Лифшиц иначе толкует эту ситуацию. «Собственно, – пишет он на полях книги Лосева, – это диалектика и очень умно. Боги – остаток глубокого прошлого, но и способ понимания того или выражения того, что выходит за пределы рассудочной обыденности»32;«… здесь важно то, что поворот (речь идет о смирении гнева Ахилла Афиной. – В.А.) является как бы внешним, ибо все же есть действительная внешность ситуации, которая решает»33.

«Внешность ситуации» – это то, что в переписке с Лукачем Лифшиц именует «марксистским богом». Разум не столько в нас, сколько в реальных, существующих вне нашего сознания, созданных бесконечностью ситуациях, называемых Ф. Бэконом «прерогативными инстанциями» – такова отправная точка онтогносеологии Мих. Лифшица. Существование таких реальных точек разумности, «априорных фактов» в объективном мире свидетельствует, согласно материализму Лифшица, о том, что парменидовское Единое, «Идея» Платона или Бог – не пустая выдумка.

Лукач, примкнув к московскому «течению», преодолевал абстрактный марксизм, из которого вырос экзистенциализм с его роковой свободой человека, свободой в бессмысленном бытии, в которое человек заброшен (позитивистский марксизм Лукач начал преодолевать уже в своей книге «История и классовое сознание», которую Лифшиц оценивал высоко, находя в ней «что-то напоминающее безличный анализ Denkformen[3]»34).

Как ни странно, но, сделав после 1930 г. шаг вперед, Лукач вместе с тем совершил, возможно, в некотором отношении два шага назад35. Дело в том, согласно Лифшицу, что «Лукач и Корш, как и у нас Богданов, смешали буржуазную рассудочность с отражением»36. И это смешение не было до конца преодолено Лукачем, хотя и отказавшимся от своего гностицизма эпохи «Истории и классового сознания».

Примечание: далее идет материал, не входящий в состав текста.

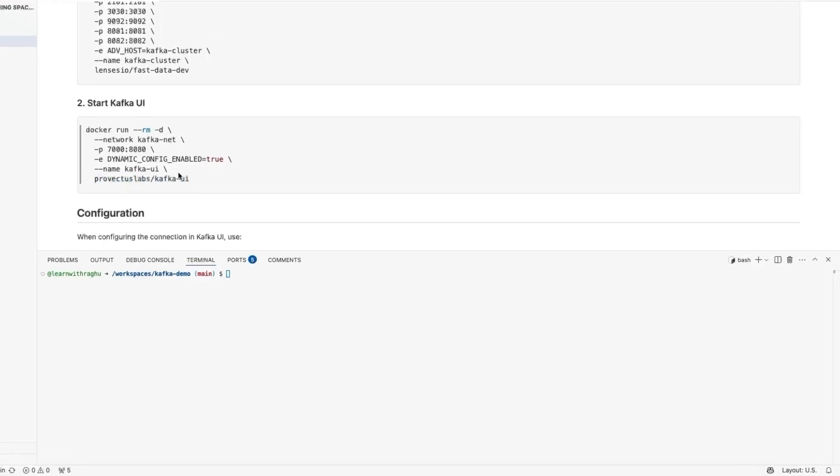What we are doing here is the same. We are pulling a Kafka UI Docker image and then we are running it inside the network and we are enabling a port. Because it is running in the same network where Kafka is running, the Kafka UI will be able to connect to our Kafka cluster easily when we configure it.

Вернемся к прерванной логике наших рассуждений. Когда стало ясно, что пролетариат и его вожди в 1917 г. совершили трагическую ошибку, то бывшие социалисты, такие как Оруэлл, стали писать пародии на социализм, изображая его «скотным двором». Они, согласно логике Франкфуртской школы, правдиво отражали ложь, кривизну самой реальности! Другие превращались в циничных сталинистов. Но Лифшиц и Лукач в этой поистине страшной ситуации (массового раскулачивания и затем возмездия за него – 1937 г.) почувствовали, уловили какой-то ветер истории в мире искривленного, ложного «социализма». Его уловил и Андрей Платонов, у которого в «Ювенильном море» электричество – вопреки всем законам науки и разума – действительно стало получаться каким-то чудом из ничего, из дневного света. Вот почему в этой повести Платонов столь иронически изобразил бухаринский план построения социализма. Разумеется, он, как и участники «течения», не стал сталинистом. Так что же из себя представлял тот «ветер истории», который наполнил паруса в том числе и сталинской бюрократии, ибо она оседлала этот необъяснимый порыв и прорыв истории?

«Не могу скрыть от вас, дедушка, – писал Лифшиц в своем памфлете 1965 г., – что сначала это возведенное в принцип презрение к объективным условиям показалось нам с И. Жуковым очень странным, каким-то даже новым проявлением детской болезни "левизны" неуместной в марксизме. Но потом мы пришли к выводу, что эта черта получила такой монументальный рост, что ее тоже нужно принять в расчет и причислить к объективным условиям. В большом потоке, который рванулся куда-то в неведомое и завертел нас, как щепки, много было такого, что хоть плачь. Столько всяких ненужных, нелепых, иррациональных затрат и жестоких деяний, что хватило бы на три исторические трагедии. Но миллионы людей пришли в движение – поход, война, ну, словом, что-то значительное, даже возвышенное. На болотах росли города, в пустыне зажглись огни современной индустрии»37.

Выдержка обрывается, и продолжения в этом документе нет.